JOHANNESBURG — South Africa’s president says a dog should not be man’s best friend.
President Jacob Zuma made critical remarks about pet care that touch on sensitive race relations in South Africa, which was dominated by whites until apartheid was dismantled almost two decades ago, The Star newspaper reported Thursday.
The newspaper cited Zuma as saying in a speech Wednesday that the idea of having a pet is part of ‘‘white culture’’ and that people should focus on family welfare.
The president’s office sought to clarify his remarks, saying he was encouraging ‘‘the previously oppressed African majority’’ to uphold its own culture.
The president’s remarks triggered a flurry of retorts from animal lovers on social media.
‘‘Will I become ‘more African’ if I kick my dog, President Zuma,’’ one person commented tartly.

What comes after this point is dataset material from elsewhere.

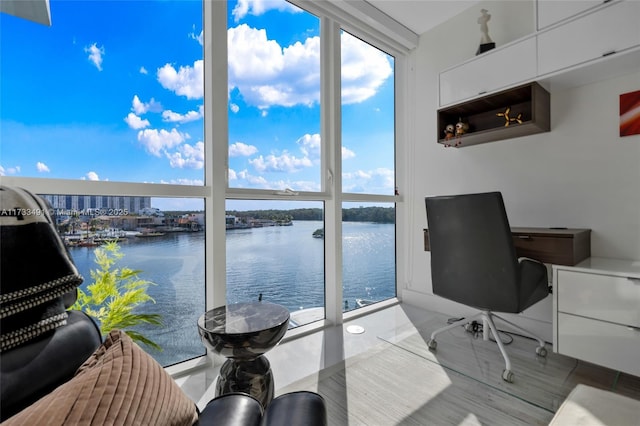 office area featuring a water view and expansive windows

Another wrote: ‘‘Well, that pretty much rules out that photo opportunity with Zuma, the Obamas, & their pet dog, Bo, in the White House.’’
The backdrop to the dog debate is the legacy of Western colonialism in Africa, as well as the bitter struggle against apartheid in South Africa that culminated in the first democratic elections in 1994. Poverty and economic imbalances remain a source of deep strain in the nation.
During his speech to an appreciative crowd in KwaZulu-Natal, Zuma’s home province, the president said people who love dogs more than people have a ‘‘lack of humanity’’ and that some people are trying in vain to ‘‘emulate whiteness,’’ The Star reported.
In a statement, the president’s office said Zuma was trying to ‘‘decolonize the African mind post-liberation’’ and enable people to take pride in their heritage and not feel pressure to adopt customs of minority cultures.